A man flummoxed by an intake form in a doctor’s office reflexively writes “no” to every question because he doesn’t understand what is being asked.

A young mother pours a drug that is supposed to be taken by mouth into her baby’s ear, perforating the eardrum. And a man in his 70s preparing for his first colonoscopy uses a suppository as directed, but without first removing it from the foil packet.

Each of these examples provided by health-care workers or patient advocates illustrates one of the most pervasive and under-recognized problems in medicine: Americans’ alarmingly low levels of health literacy – the ability to obtain, understand and use health information.

A 2006 study by the U.S. Department of Education found that 36 percent of adults have only basic or below-basic skills for dealing with health material. This means that 90 million Americans can understand discharge instructions written only at a fifth-grade level or lower.
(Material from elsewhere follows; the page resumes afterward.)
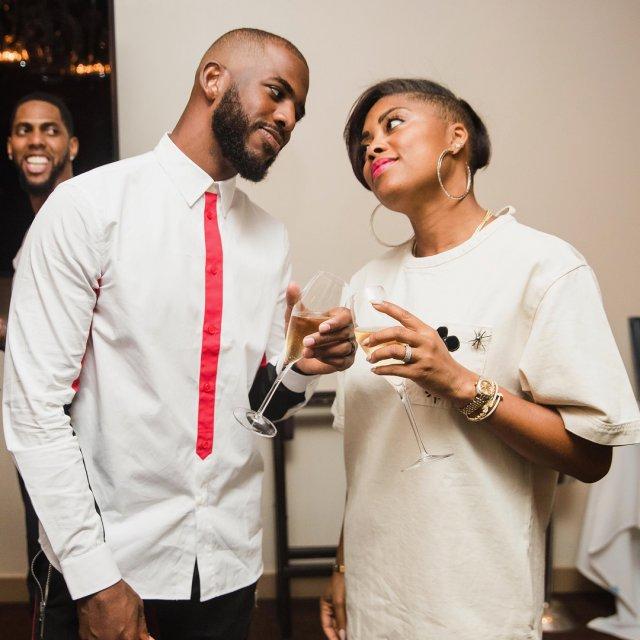 保罗和妻子杰达-克拉雷四目深情对视,心有灵犀一点通至今两人结婚十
About 52 percent had intermediate skills: They could figure out what time a medication should be taken if the label says “take two hours after eating,” while the remaining 12 percent were deemed proficient because they could search a complex document and find the information necessary to define a medical term.

Regardless of their literacy skills, patients are expected to manage multiple chronic diseases, to comply with drug regimens that have grown increasingly complicated and to operate sophisticated medical devices such as at-home chemotherapy equipment largely on their own.

Health literacy “affects every single thing we do,” said Susan Pisano, a member of the Institute of Medicine’s health literacy round-table and vice president of communications for America’s Health Insurance Plans, the industry trade association. “The implications are mind-boggling.”